Apple unveiled its latest product, the iPad, on Wednesday to a very mixed response. But whatever you may think of the device itself, and its limitations and missing features, one thing is clear: it is set to kill off the Amazon Kindle and all the other single-purpose e-readers on the market. Seriously, let’s face facts: the Kindle is dead, long live the iPad.
I was as disappointed as it seems most other people were by the iPad upon its unveiling. Sure, it looks nice, and the price of the entry-level model was both a surprise and a welcome relief for those of us who hate Apple’s overpricing of its products. However, there remains doubts as to whether the iPad can fill the void between smartphones and laptops, if such a void even exists.
However, though the iPad may have too many features missing to make it an indispensable product, it’s still set to sell well. And that will surely spell disaster for the Amazon Kindle, the biggest-selling and best-known of the various e-readers which have been released over the last couple of years.

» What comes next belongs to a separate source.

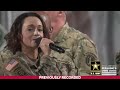The U.S. Army Voices and Downrange perform a medley of hits by @Queen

The fact is that I can’t see many people choosing a single-purpose device which costs between $260 and $490 when they can have a multi-purpose device for as little as $500. What’s more, for that money they get a piece of Apple hardware which will no doubt make them the envy of their more hard-up friends.
During the iPad unveiling iBooks was shown in some detail, and it looks absolutely brilliant. The design of iBooks on the iPad appeals to me much more than the Kindle does, and that’s coming from a big reader who has craved a Kindle for some time.
The Kindle does have a couple of big advantages over the iPad – its E-Ink screen is better suited to displaying text than the LCD screen boasted by the iPad, and the battery life of the Kindle is much better than that of the iPad. But everything else is in favor of the iPad.
The iPad has full e-reader capabilities but can do so much more besides. Its screen is full-color and multi-touch. The iPad supports ePub, while the Kindle uses a proprietary format. Pictures, videos, and links come to life on an iPad in a way not possible on the Kindle. It’s an Apple product, which brings a certain amount of judos and guaranteed sales. It looks much sexier than the Kindle.
Maybe Amazon could save the Kindle from the scrapheap but I can’t see how. The early adopters may stick with the Kindle, but those people like myself who have held off purchasing will likely buy an iPad now. Sorry Amazon, but I think the Kindle’s days are numbered.